Judge James Ware of the US District Court for the Northern District of California, dismissed three claims brought by aggrieved iPod owner Thomas Slattery earlier this month; but he allowed others to survive Apple's challenge.
Slattery complains that he was forced to buy an iPod to listen to his iTunes purchases on the move.
The Digital Rights Management (DRM) software of the iTunes music store allows songs to play on iPods, PCs, or to be burned to CD for playing on a home stereo or personal CD player.

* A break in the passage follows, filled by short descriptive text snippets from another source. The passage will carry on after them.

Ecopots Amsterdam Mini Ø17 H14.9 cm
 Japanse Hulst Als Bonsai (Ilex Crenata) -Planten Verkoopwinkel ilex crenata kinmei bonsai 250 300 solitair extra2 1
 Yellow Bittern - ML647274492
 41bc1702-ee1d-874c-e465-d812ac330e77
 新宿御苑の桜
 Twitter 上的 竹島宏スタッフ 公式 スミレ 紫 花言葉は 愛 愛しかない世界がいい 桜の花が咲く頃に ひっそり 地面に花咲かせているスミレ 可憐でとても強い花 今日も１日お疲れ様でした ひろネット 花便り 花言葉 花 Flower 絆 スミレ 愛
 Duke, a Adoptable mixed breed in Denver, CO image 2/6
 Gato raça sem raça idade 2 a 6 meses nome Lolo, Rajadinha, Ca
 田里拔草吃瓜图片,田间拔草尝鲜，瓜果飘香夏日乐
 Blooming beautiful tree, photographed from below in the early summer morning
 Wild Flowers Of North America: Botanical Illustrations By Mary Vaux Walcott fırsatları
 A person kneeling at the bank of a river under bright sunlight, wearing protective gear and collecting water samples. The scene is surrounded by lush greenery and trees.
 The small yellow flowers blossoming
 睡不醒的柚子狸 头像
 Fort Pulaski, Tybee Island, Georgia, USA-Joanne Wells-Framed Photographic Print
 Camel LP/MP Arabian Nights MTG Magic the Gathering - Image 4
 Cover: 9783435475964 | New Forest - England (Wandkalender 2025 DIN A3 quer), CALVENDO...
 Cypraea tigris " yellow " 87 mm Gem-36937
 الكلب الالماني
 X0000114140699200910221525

But iTunes tracks are not compatible with rival MP3 players like Sony's new Walkman.
Slattery sued in January, accusing Apple of unlawfully bundling, tying and/or leveraging its monopoly in the market for the sale of legal online digital music recordings "to thwart competition in the separate market for portable hard drive digital music players, and vice-versa."
According to AppleInsider, the surviving claims include allegations that Apple possesses monopoly power and has coerced customers into purchasing both iPods and iTunes files.
A similar argument was dismissed by the French Competition Council in November.
That case followed a complaint from the French division of internet retailer Virgin Mega alleging that Apple acted anti-competitively in failing to license the DRM software in its iPod.
Basing its reasoning on principles of European competition law, the Competition Council said that access to Apple's DRM software was not essential in order to support the development of the on-line download market.